The authorities in St. Petersburg are planning to ban drunken people from visiting museums and other sites of cultural interest.
It comes after a tourist – allegedly under the influence – fell to his death at St. Isaac’s Cathedral.
St. Petersburg’s City Hall says the ban would protect not just people, but cultural objects too.
The deadly fall at St. Isaac’s happened in the early morning, when a group of tourists from Krasnoyarsk was visiting the cathedral as part of a night-time excursion.
They were standing on the viewing platform when one of the men decided to climb up higher. He fell and hit a marble floor a few meters below, dying instantly. Reports suggest he was drunk.
This comes amid Russia’s wide anti-alcohol campaign. President Medvedev has long declared the fight against alcoholism and drug-addiction to be Russia’s priority, especially among children and teenagers.
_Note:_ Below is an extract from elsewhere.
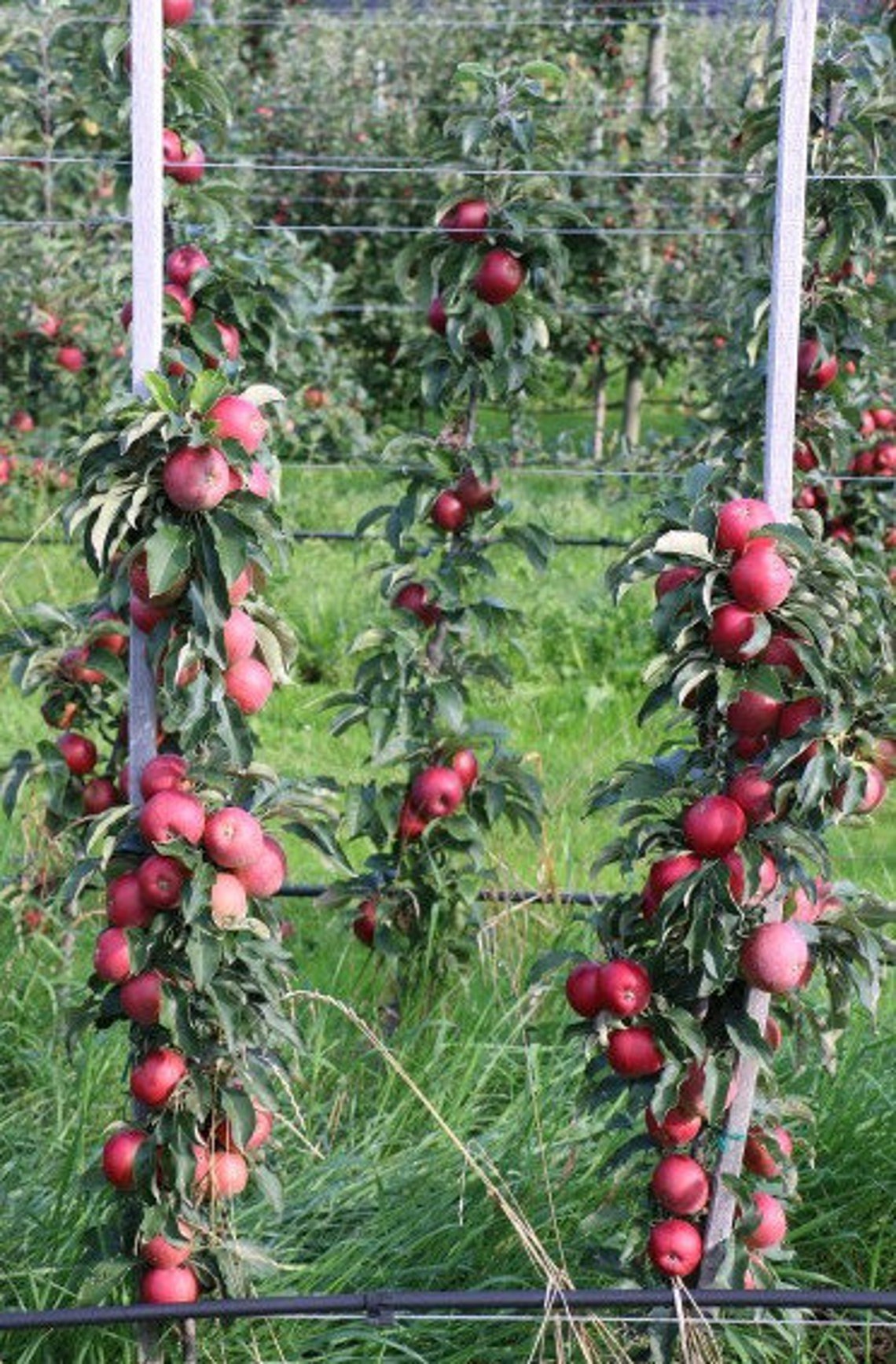 Columnar and Dwarf Fruit Trees 105 Free Age 3gift plant Etsy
A law signed by President Medvedev on July 20 prohibits shop sales of beer during the night (between 11pm and 8am) and alcohol advertising generally. It also introduced fines for drinking beer in various public places.
Earlier the State Duma qualified the sale of alcoholic beverages to minors as a criminal offense. The bill deems the repeated sale of alcohol to minors to be a crime, punishable by a fine of up to $2,860, or up to one year of mandatory labor.
According to Rospotrebnadzor, two of three Russian children aged between 13 and 16 regularly consume alcohol, mostly beer and canned cocktails.